In the listing below, find the line holding "Black Veil Brides" and the line holding "PAIR STERLING SILVER". Write out those two lines and all lines between, exactly, and nothing more.

** Opening Records for this exercise block **

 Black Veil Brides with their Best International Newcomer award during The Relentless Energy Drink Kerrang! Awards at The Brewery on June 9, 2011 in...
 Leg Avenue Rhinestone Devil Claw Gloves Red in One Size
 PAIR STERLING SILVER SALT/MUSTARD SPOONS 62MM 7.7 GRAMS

** Closing Records for this exercise block **
** Opening Records for this exercise block **

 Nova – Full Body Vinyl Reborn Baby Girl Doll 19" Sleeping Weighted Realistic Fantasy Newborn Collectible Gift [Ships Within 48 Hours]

** Closing Records for this exercise block **

• [Response to this task]
 Black Veil Brides with their Best International Newcomer award during The Relentless Energy Drink Kerrang! Awards at The Brewery on June 9, 2011 in...
 Leg Avenue Rhinestone Devil Claw Gloves Red in One Size
 PAIR STERLING SILVER SALT/MUSTARD SPOONS 62MM 7.7 GRAMS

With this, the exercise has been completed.